[Start of section]
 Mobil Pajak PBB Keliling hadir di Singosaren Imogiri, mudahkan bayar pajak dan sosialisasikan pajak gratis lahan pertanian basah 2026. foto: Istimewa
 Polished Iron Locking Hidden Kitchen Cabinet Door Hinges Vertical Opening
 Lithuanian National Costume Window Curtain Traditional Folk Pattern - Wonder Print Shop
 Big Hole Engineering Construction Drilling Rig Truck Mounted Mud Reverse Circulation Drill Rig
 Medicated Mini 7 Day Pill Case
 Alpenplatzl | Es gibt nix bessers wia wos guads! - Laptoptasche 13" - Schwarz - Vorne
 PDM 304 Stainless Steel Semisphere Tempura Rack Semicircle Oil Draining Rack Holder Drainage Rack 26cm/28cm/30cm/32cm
[End of section]
[Start of section]
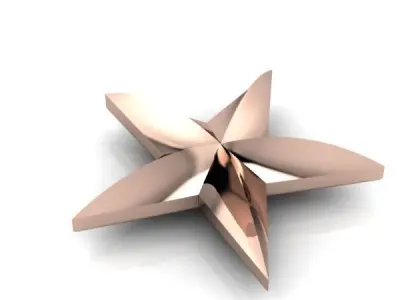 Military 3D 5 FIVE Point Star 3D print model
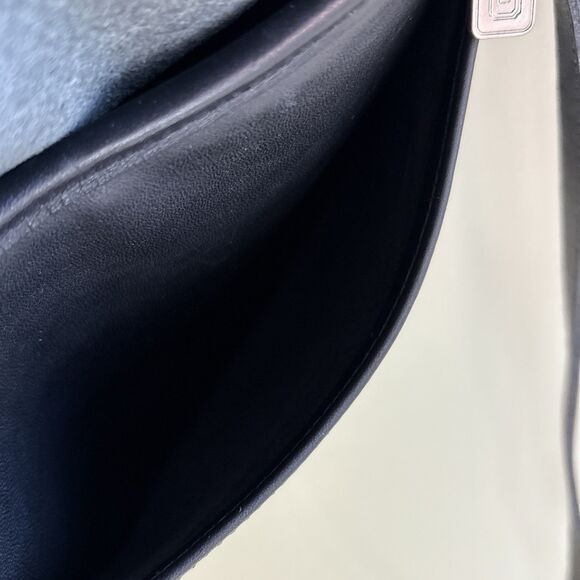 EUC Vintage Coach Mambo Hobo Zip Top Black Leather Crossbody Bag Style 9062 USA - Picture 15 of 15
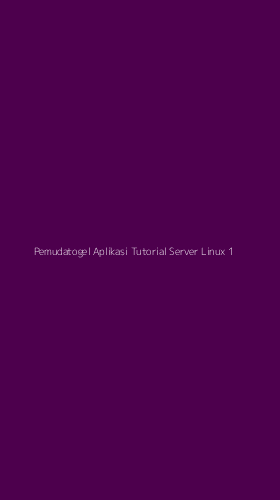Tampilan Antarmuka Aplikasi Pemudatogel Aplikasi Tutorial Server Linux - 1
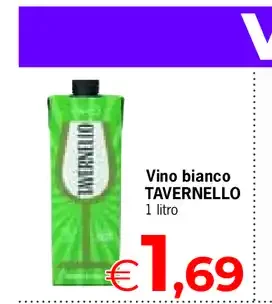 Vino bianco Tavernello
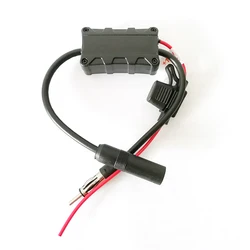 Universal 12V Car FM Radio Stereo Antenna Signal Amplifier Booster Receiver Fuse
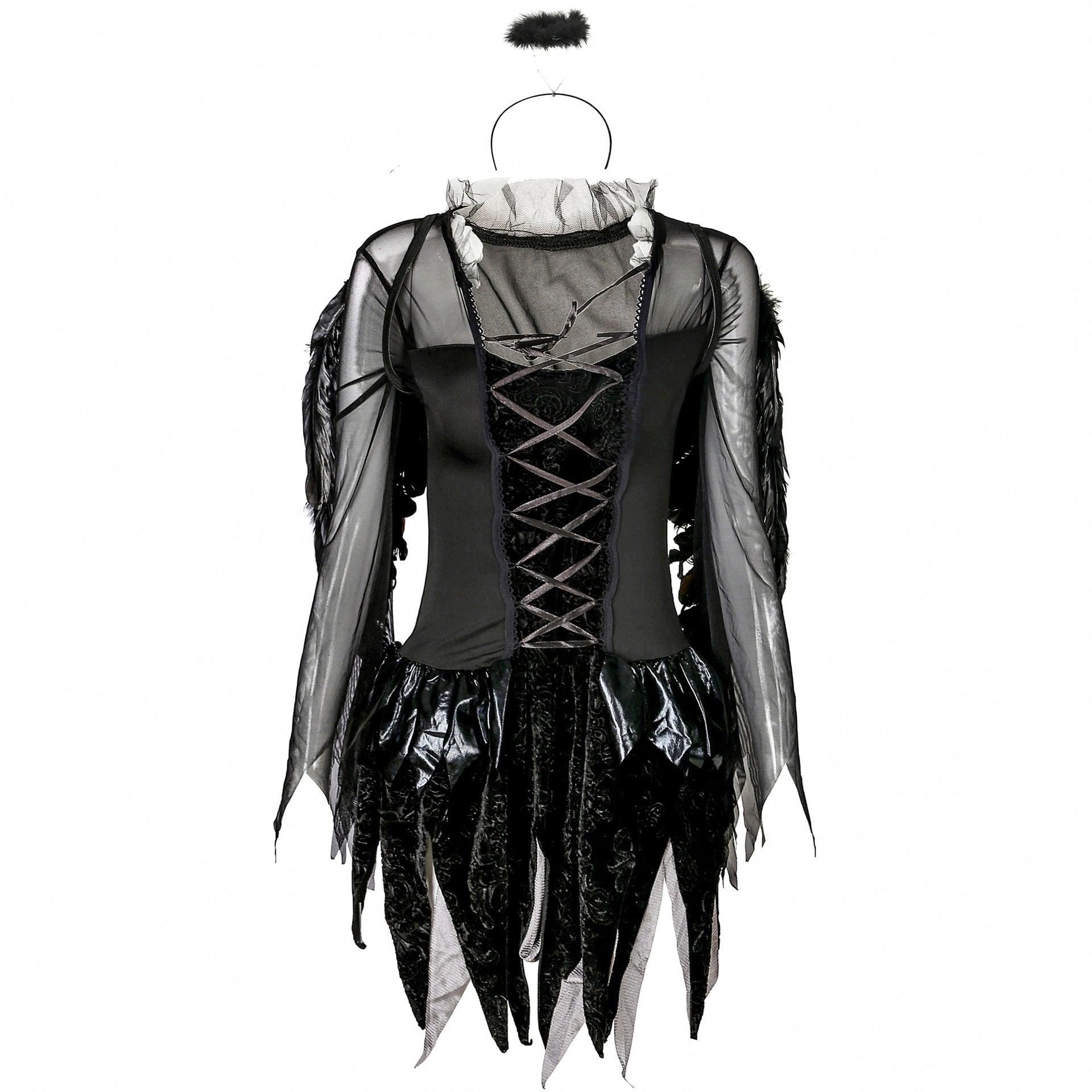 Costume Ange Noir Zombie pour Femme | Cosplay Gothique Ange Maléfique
[End of section]
Retype exactly the lines above, from the one with "Medicated Mini 7 Day Pill Case" through the one with "PDM 304 Stainless", inclusive.

 Medicated Mini 7 Day Pill Case
 Alpenplatzl | Es gibt nix bessers wia wos guads! - Laptoptasche 13" - Schwarz - Vorne
 PDM 304 Stainless Steel Semisphere Tempura Rack Semicircle Oil Draining Rack Holder Drainage Rack 26cm/28cm/30cm/32cm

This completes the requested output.